** TASK TO CARRY OUT **
With the pictures omitted, output word for word the lines from the one containing "Programme moderne de" through the end of the records.

Scraped caption text data
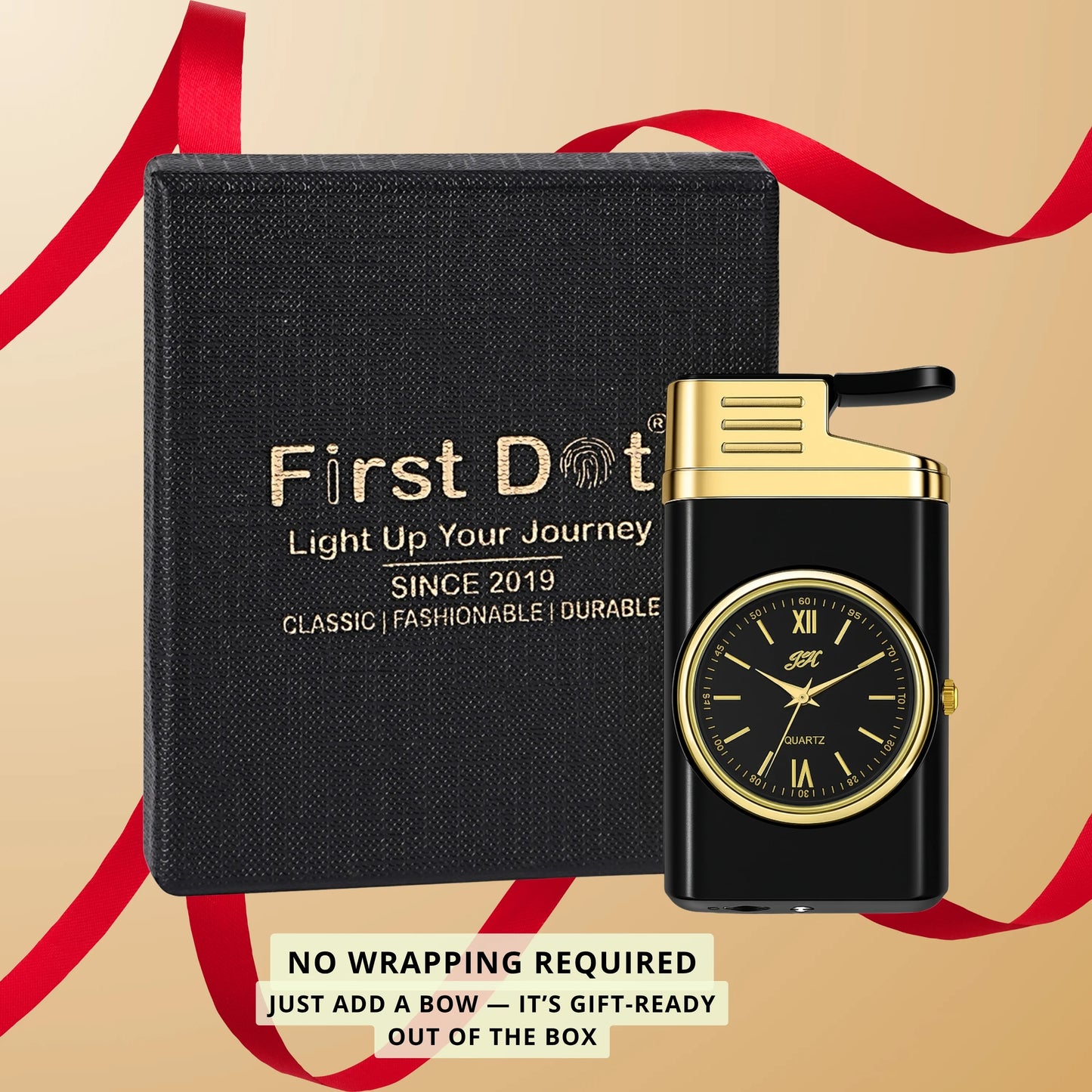 Striped Jet Flame Luxury Watch Lighter for Men - Black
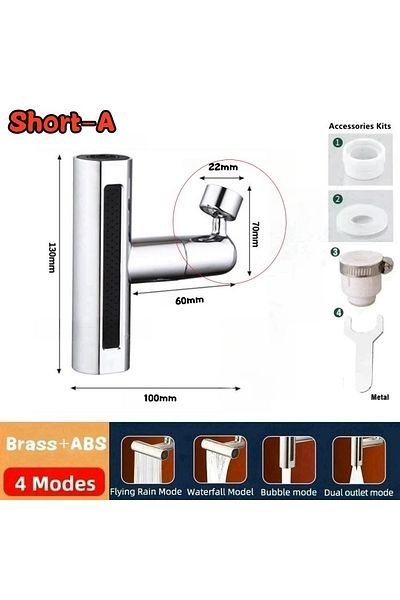 Choice A Multifunctional Sink Faucet Connector Kitchen Sink Waterfall Faucet Splash-proof Artifact 4 Modes.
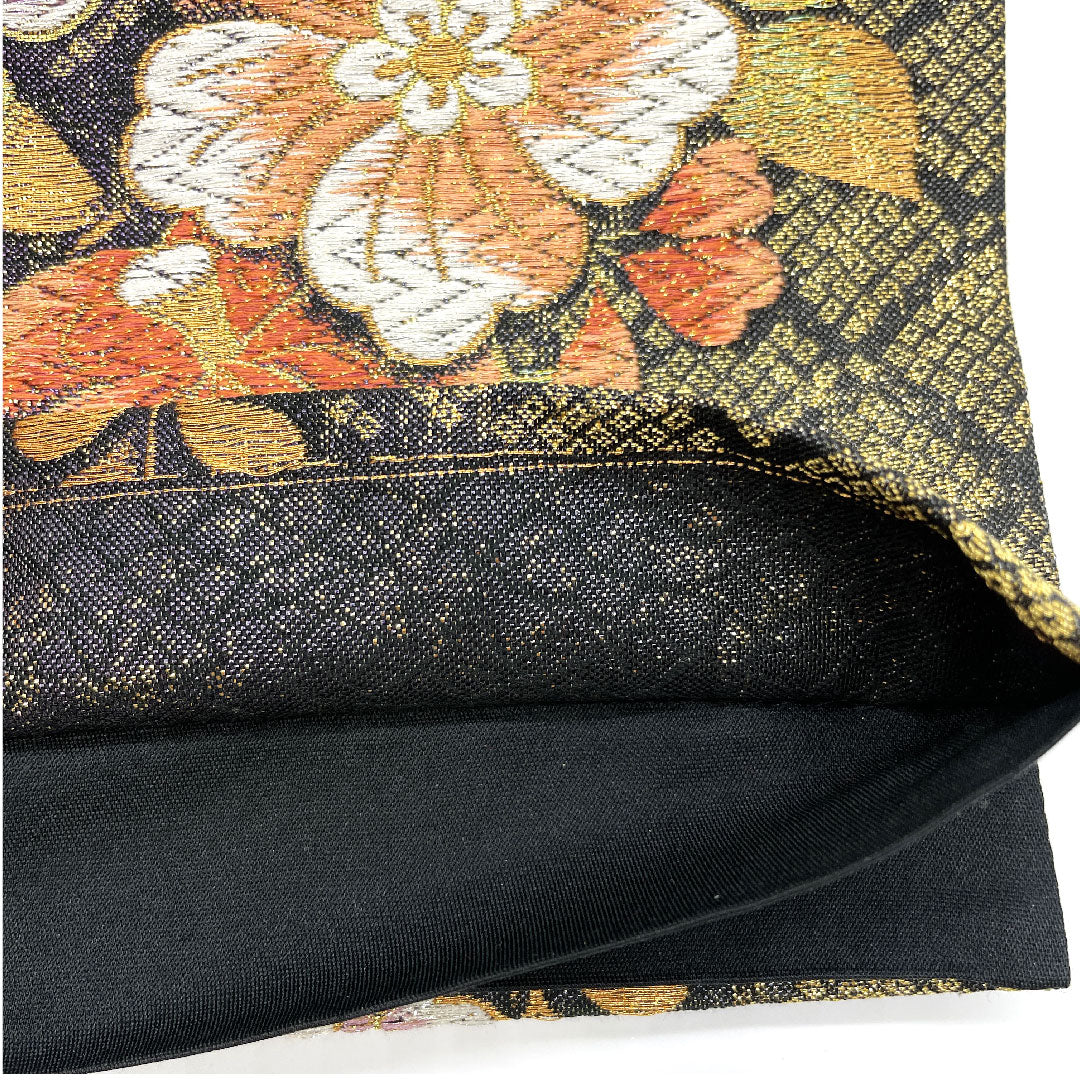 Tsujigahana Fukuro Obi for Furisode, Length 440cm, Pure Silk, S Rank, Six-way, Formal, Purple, 1123001442320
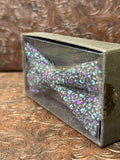 Black Floral Print Bowtie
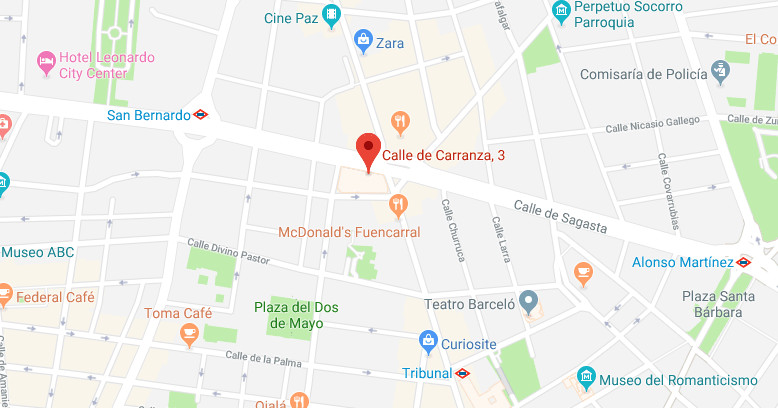 Mapa psicólogo Madrid Centro (zona metro glorieta Bilbao)
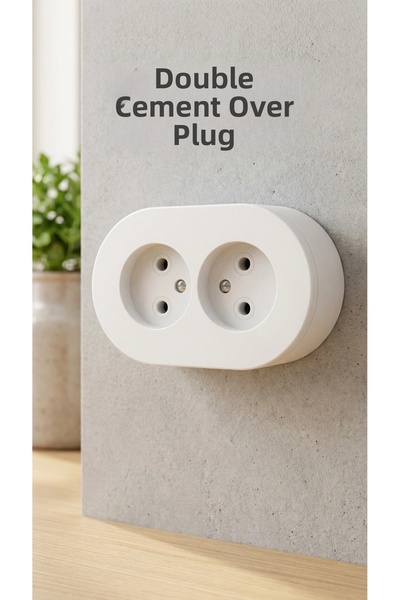 Generic Brand Double White Grounded Socket Modern Surface Mounted Design Wall...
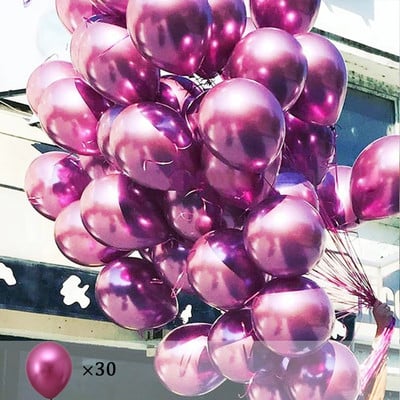 30 buc/lot 10 inch, metal, albastru, albastru, crom, argint, baloane pentru petrecere de aniversare, decorare de nunta, balon de jucărie pentru copii, bile cu aer Globo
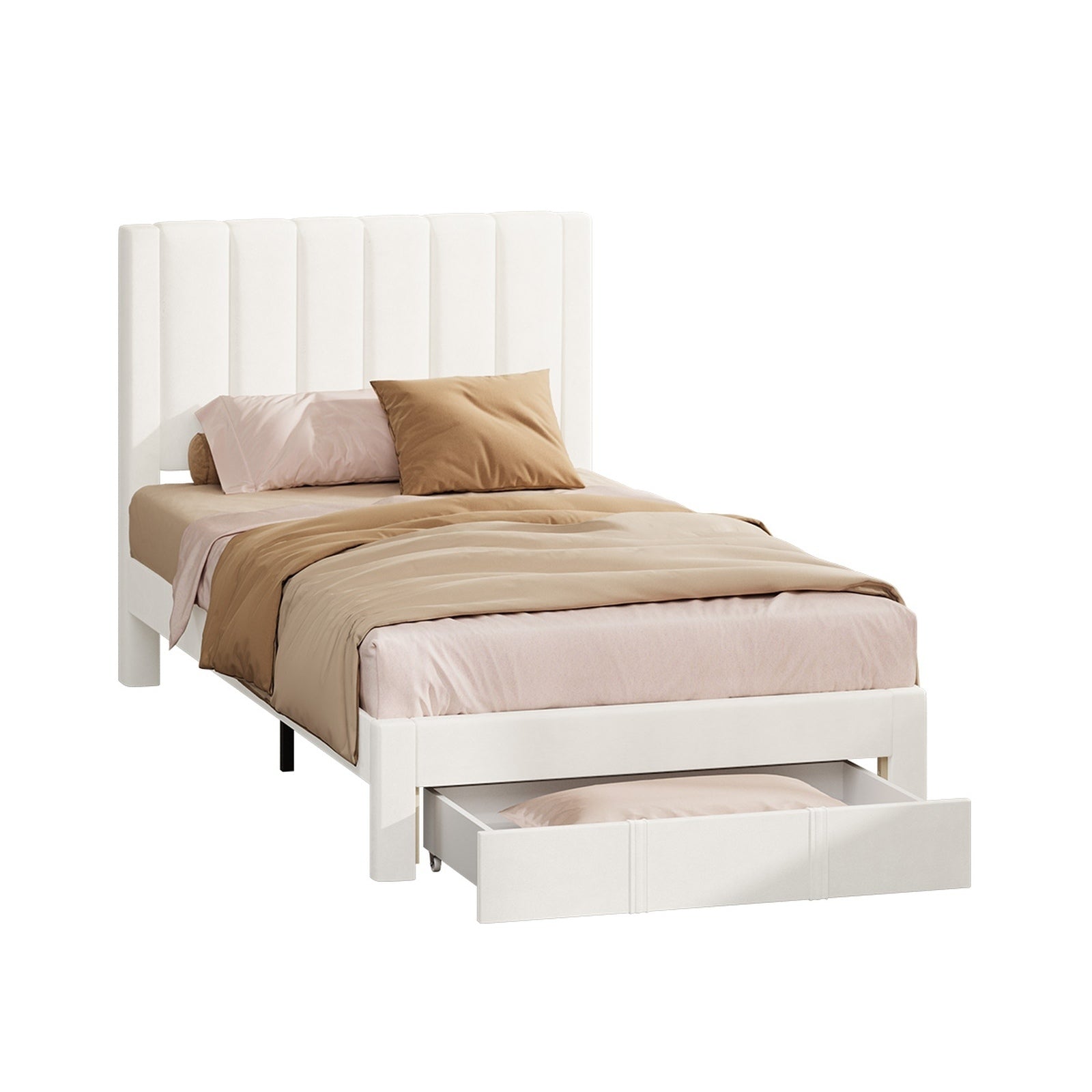 Oikiture Bed Frame King Single Size Headboard Platform Base with Drawer Beige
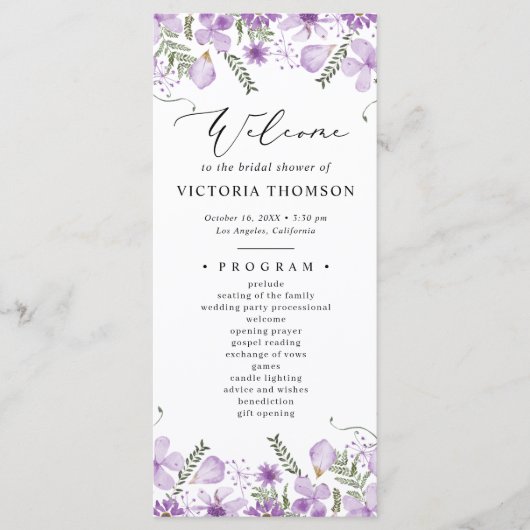 Programme moderne de Fêtes des mariées florales po (Devant)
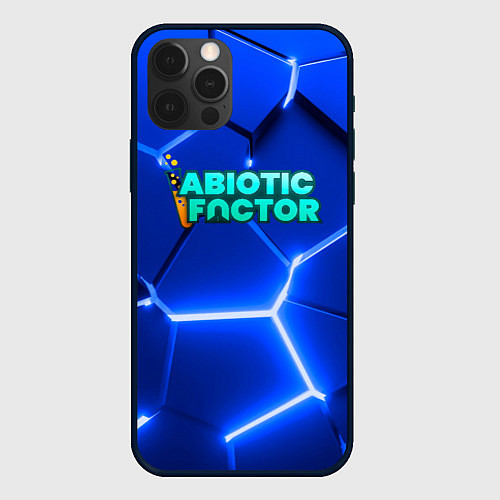 Чехол iPhone 12 Pro Max Abiotic Factor логотип на синем неоновом фоне / 3D-Черный – фото 1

** PROBLEM SOLUTION **
 Programme moderne de Fêtes des mariées florales po (Devant)
 Чехол iPhone 12 Pro Max Abiotic Factor логотип на синем неоновом фоне / 3D-Черный – фото 1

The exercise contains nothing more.